08-14-2013, 06:08 AM	#2
alexdobin Senior Member Location: NY Join Date: Feb 2009 Posts: 161	I have just had a similar problem with Flux Simulator - I think this problem is caused by a transcript (in your ENSEMBL(?) GTF) that belongs to GL000191.1 "non-chromosomal" contig, while you only provided Flux with "chromosomal" fasta files. The easiest way to solve it is to filter all the "non-chromosomal" annotations from the GTF, or you can add the "non-chromosomal" fasta files.

08-14-2013, 01:38 PM	#4
alexdobin Senior Member Location: NY Join Date: Feb 2009 Posts: 161	Since I did not need annotations on non-chromosomal scaffolds, I simply removed all the non-chromosomal entries from the GTF file.
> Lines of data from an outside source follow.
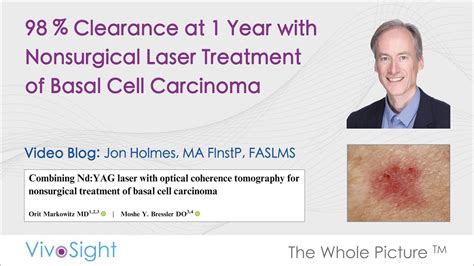 Oct Guided Laser Treatment Of Basal Cell Carcinoma Oasis Medical Aesthetics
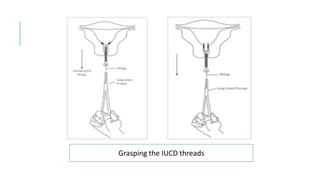 Grasping the IUCD threads
 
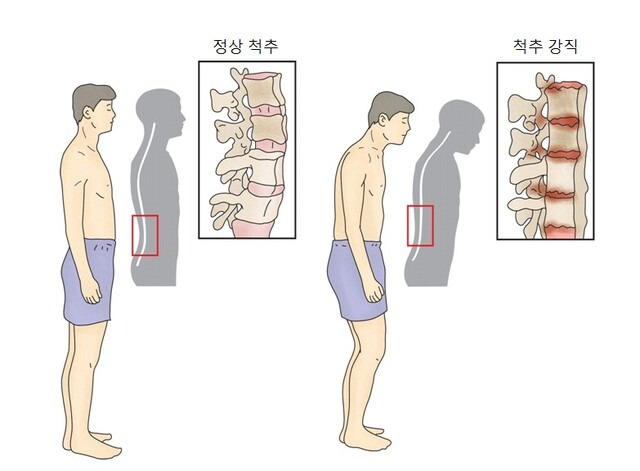 강직성척추염에 따른 척수 장직 과정. 사진제공=서울아산병원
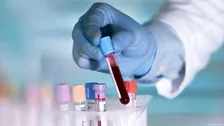 ANTI STREPTOLYSIN - O (ASO)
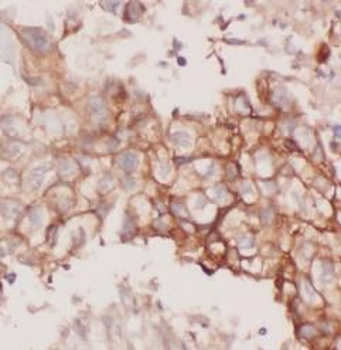 CLDN1 Rabbit Polyclonal Antibody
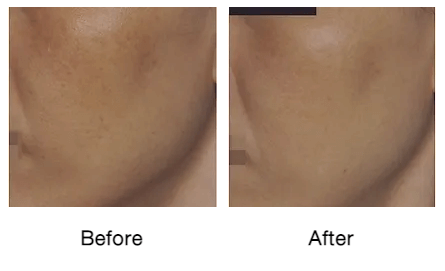 Rf-micro-needling-before-and-after-photos-5-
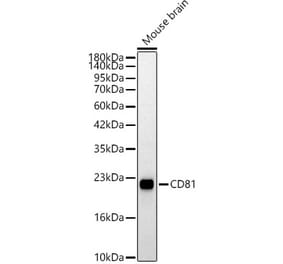Western Blot - Anti-CD81 Antibody (A329239) - Antibodies.com
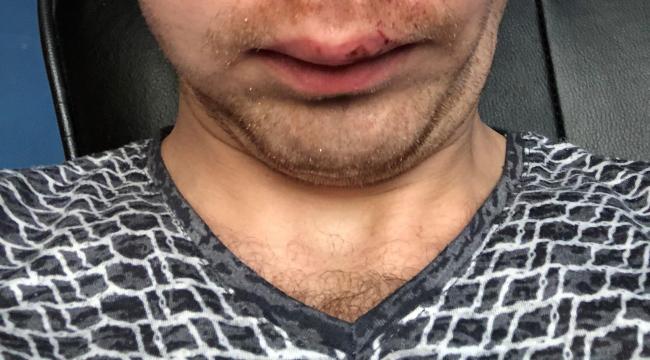 Den ukrainke landbrugspraktikant Kostiantyn Hryhorashchenko blev syet med otte sting i ansigtet efter en arbejdsulykke hos sin danske arbejdsgiver.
For ENSEMBL GTF, the chromosomes are 1-22,X,Y,MT, so you could simply do: grep ^[0-9XYM] ENSEMBL.gtf > ENSEMBL.chrOnly.gtf On the other hand, if you want to simulate RNA-seq from non-chromosomal scaffolds, you will need to downolad the "nonchromosomal" fasta file from ENSEMBL (e.g. ftp://ftp.ensembl.org/pub/release-72...omosomal.fa.gz), split the file into separate fasta files for each of the scaffolds, and add these fasta files to the GEN_DIR directory.

08-15-2013, 02:04 AM	#5
CompBio Member Location: Bristol, UK Join Date: Aug 2009 Posts: 26	I've run into a similar problem with whole chromosomes. At the time I assumed the simulator may try to grab sequence past the end of a chromosome when there are genes near the end of a chromosome. My simple workaround was to pad the end of each chromosome sequence with enough N's to accommodate my desired read size. It's possible the same solution would work with contigs/scaffolds if you don't want to eliminate them from your simulations.